When it comes to public opinion, Merz was most popular as possible future chancellor ahead of AKK in one poll this week, and vice versa in another; Jens Spahn placed last in either. The latter poll also found the same distribution in preference for CDU chair among the party's supporters, with AKK named by 35 percent, Merz by 25 and Spahn by seven percent. So far everybody is being terribly nice, stressing that they will work with each other, etc.; Merz and Spahn also have stated they would support Merkel as chancellor to the end of her term in 2021, and not work against her.

That's probably dumb talk to be forgotten tomorrow, to paraphrase first post-war chancellor Konrad Adenauer; but I can see that they would have no interest to topple her and likely have the CDU/CSU-SPD coalition fail under current general political conditions, which would result at best in another one with the Greens and classical liberal FDP as the only alternative for a majority in parliament, and more likely in new elections with even stronger Greens. The latter at least said this week they wouldn't just fill the gap left by the SPD but rather expect new elections, for obvious reasons. Any more conservative party head would probably want to rebuild the CDU to a strength where a classical conservative-liberal coalition with the FDP might have a shot at a majority again before making any further moves.

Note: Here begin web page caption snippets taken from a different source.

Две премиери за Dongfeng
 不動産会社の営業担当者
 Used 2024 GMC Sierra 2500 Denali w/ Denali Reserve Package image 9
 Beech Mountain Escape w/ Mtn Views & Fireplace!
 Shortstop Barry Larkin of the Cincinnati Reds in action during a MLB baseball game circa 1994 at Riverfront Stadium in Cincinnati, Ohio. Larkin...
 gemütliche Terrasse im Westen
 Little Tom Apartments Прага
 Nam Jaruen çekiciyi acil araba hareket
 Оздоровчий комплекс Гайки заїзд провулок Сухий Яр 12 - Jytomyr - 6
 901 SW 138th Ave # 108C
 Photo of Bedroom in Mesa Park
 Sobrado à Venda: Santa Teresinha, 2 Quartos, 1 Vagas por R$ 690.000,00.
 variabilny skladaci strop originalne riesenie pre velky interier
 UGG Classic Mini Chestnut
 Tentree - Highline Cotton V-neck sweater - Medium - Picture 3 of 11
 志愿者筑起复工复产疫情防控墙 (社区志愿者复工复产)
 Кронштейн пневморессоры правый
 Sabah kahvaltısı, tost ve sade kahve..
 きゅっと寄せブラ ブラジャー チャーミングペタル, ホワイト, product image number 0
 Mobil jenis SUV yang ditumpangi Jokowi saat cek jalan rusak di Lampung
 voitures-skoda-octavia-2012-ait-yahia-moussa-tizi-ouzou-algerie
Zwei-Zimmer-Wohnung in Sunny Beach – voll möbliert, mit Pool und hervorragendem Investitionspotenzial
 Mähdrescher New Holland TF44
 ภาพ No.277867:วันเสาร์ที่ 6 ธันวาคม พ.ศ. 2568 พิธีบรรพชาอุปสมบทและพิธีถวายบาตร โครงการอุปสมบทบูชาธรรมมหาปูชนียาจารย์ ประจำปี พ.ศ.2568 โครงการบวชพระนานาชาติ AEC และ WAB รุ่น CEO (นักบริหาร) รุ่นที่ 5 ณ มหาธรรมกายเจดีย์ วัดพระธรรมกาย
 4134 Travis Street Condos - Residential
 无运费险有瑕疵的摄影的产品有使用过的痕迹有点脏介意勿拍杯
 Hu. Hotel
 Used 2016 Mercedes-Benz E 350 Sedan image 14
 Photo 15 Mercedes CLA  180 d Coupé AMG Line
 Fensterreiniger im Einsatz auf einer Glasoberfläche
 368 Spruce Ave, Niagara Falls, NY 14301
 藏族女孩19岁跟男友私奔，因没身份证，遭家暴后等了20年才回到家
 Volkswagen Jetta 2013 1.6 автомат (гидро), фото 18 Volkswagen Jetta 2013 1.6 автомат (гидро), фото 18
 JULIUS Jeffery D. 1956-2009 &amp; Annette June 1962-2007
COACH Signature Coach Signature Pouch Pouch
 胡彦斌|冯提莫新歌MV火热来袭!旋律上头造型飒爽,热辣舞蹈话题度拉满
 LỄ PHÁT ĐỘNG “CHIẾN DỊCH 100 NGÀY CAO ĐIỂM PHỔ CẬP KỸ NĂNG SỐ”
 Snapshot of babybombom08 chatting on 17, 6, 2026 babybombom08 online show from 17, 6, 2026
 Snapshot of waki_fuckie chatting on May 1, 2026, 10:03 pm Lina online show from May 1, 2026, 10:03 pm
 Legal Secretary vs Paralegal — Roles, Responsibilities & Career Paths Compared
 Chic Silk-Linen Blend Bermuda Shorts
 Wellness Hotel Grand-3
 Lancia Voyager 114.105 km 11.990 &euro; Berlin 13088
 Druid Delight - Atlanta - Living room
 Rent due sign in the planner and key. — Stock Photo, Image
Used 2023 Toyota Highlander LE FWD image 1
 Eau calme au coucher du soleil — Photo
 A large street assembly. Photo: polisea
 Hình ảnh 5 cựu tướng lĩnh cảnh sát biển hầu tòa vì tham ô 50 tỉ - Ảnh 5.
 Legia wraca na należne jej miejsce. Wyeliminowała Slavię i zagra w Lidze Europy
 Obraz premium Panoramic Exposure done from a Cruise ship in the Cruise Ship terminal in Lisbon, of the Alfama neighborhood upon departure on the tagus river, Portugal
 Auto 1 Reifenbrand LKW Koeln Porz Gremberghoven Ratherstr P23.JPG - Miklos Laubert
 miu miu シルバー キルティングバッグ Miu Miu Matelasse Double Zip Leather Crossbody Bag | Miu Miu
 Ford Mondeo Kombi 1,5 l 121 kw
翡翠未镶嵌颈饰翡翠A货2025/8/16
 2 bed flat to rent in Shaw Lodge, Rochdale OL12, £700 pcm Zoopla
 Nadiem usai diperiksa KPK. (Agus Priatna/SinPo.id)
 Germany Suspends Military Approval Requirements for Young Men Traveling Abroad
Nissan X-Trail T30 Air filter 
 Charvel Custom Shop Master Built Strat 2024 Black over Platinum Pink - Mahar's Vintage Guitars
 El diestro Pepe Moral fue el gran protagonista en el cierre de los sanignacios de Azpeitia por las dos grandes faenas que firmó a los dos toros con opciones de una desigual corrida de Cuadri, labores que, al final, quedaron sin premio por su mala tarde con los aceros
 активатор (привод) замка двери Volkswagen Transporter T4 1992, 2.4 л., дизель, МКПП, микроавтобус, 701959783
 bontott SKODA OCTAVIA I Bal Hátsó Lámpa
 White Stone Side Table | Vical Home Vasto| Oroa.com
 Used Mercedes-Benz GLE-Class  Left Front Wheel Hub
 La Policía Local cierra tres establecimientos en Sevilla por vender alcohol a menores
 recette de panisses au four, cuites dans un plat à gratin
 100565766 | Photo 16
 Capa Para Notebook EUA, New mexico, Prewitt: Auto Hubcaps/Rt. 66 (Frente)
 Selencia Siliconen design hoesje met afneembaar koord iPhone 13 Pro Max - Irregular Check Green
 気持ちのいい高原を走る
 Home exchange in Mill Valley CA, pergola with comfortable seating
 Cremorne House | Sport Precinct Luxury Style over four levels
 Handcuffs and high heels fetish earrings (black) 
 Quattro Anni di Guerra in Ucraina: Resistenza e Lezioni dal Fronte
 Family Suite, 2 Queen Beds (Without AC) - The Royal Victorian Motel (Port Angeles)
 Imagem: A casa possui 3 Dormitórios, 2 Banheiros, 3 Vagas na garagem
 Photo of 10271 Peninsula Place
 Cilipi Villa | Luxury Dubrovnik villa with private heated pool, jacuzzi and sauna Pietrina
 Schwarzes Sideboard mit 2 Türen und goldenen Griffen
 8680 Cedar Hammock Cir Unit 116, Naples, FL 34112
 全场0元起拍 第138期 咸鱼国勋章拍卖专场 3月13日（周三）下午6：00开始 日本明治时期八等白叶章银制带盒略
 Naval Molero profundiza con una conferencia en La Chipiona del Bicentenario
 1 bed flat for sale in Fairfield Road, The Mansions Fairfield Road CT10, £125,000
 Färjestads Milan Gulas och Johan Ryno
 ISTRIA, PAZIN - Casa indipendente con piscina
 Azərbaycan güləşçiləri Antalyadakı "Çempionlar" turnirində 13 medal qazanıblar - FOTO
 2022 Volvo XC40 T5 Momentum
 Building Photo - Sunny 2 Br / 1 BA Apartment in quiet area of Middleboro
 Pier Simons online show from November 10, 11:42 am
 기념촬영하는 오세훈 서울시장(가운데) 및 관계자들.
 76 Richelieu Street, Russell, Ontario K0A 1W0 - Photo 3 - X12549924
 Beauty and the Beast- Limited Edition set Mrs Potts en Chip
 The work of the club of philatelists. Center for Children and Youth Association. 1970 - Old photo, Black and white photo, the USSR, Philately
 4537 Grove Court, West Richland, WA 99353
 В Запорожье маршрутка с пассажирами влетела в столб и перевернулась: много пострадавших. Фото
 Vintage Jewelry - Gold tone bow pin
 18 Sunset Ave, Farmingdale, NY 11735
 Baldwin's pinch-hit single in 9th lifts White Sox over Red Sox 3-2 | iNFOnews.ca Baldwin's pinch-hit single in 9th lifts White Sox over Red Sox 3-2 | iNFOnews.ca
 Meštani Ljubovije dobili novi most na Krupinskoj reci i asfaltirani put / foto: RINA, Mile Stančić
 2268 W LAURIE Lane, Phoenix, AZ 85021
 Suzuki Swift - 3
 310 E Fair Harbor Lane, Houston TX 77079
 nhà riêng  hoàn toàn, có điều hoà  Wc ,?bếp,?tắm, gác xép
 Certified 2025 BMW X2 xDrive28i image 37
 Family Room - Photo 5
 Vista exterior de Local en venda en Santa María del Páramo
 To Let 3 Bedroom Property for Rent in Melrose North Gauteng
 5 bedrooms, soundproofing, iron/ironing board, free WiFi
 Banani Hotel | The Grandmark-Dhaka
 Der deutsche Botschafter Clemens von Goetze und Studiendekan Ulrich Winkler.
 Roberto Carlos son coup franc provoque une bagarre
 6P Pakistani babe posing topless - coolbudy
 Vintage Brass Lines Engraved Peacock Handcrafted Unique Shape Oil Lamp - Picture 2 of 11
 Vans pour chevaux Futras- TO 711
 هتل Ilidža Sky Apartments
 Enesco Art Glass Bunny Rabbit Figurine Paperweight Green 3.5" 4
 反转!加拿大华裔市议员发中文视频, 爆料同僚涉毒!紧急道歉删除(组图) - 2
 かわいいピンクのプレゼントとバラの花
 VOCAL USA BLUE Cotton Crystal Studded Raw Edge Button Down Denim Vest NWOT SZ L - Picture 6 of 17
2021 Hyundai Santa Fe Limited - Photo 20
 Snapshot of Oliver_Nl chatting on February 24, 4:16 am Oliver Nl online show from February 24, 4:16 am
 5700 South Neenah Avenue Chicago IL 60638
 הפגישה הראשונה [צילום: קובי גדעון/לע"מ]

As for the SPD, their national board has stated there will be no earlier national convention, as demanded by their left wing; party head Andrea Nahles said they didn't even discuss the coalition question. Of course some suggest the Social Democrats may merely hope the question will resolve itself through a change in chancellorship without them doing anything, releasing them into the desired opposition role. National poll developments so far are not particularly indicative; there is a slight trend of CDU and Greens gaining at the expense of the AfD, but I don't consider that very well-founded at this point.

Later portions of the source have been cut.